Carl Beynon, 49, of Newport, made the claim for £5,438.06 after his Harley was returned from the Swindon garage after 22 months and he disputed the work done, claiming parts were missing.
The motorbike came back missing a horn, spark plug leads, front brake rotor, calliper, battery set up and filter peg, totalling £2,046 of the £7,468.42 paid for the total job, according to Mr Beynon’s court papers.
Rocket Bobs submitted documents to the courts claiming they were still owed £1,200 for a specific modification, and had only withheld three items after the relationship with Mr Beynon broke down.
“After numerous delays due to build issues and suppliers, and some additions to the original build requirements, my motorcycle was delivered on 6 November 2012, a time frame of one year and 10 months rather than original time frame of five to six months,” said Mr Beynon in his court statement.
“Upon delivery I noticed there was damage to paintwork and poor quality of workmanship, missing parts and non compliance with the build design.
“I pointed out that it is an MoT requirement for a motorcycle to be fitted with a horn and that the stop light must be operated by both the rear brake pedal and front brake lever. “He then claimed he had put 14 bikes through MoT that year and none had front brake switches.”

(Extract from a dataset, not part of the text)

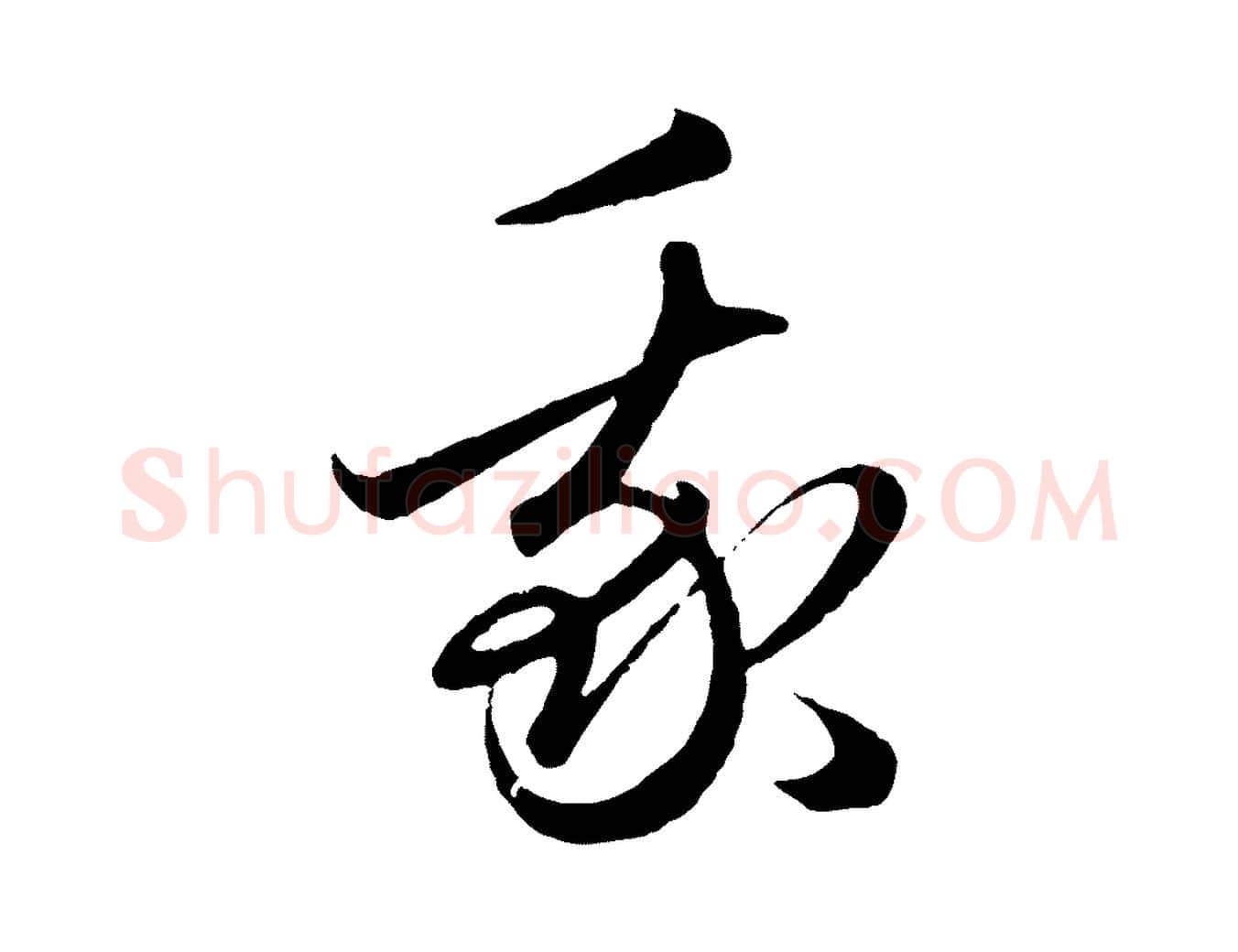 我毛笔行楷写法,摘自元代赵孟頫临右军帖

Carl texted Pete Pearson of Rocket Bobs after delivery of the cycle, saying: “Few things missing Pete–- the orange spark leads? the horn? the mirrors?”
Pete replied: “Orange leads failed. Mirrors are here not fitted coz I hate them and they don’t fit JM controls. We don’t do horns.”
Carl said he had the work completed at a cost of £3,391.86.
“I asked a third party to come and collect my motorcycle to undertake an engineer’s report on the build, complete the unfinished work and put right the faults and damage,” he said. “Despite Mr Pearson indicating to myself and a senior Trading Standards officer the issues would be addressed, five months elapsed.”
Andy Forber-Buckingham, of AFB Motorcycles in Somerset, reviewed the work. “Handlebars had been replaced offering an insecure engagement,” he said. “These errors could result in handle bars pulling free resulting in serious injury or death.
“Some elements of the work were dangerous and could result in serious injury to the rider and other road users. “It demonstrates a high degree of neglect and poor workmanship.”
Pete Pearson said he thought Mr Beynon had never intended to pay the full amount and pursued legal action in order to avoid payment. “None of his claims are valid,” he said. “Everything was done very much on a friendly basis and by word of mouth because we have worked with Carl before. Parts of the work that he asked for he later denied. “Now if someone asks for a modification we are sure to put it in writing. “This happened because Carl set out from the outset not to pay us and as soon as he had the bike back he went to Trading Standards to wriggle out of it. “Our lawyer told us it is £5,000 and going to court would cost at least £7,000, so it wasn’t worth it. He just told us to settle. The whole thing is spurious. There is not a single part on Carl’s bike we did that I would not stand by.”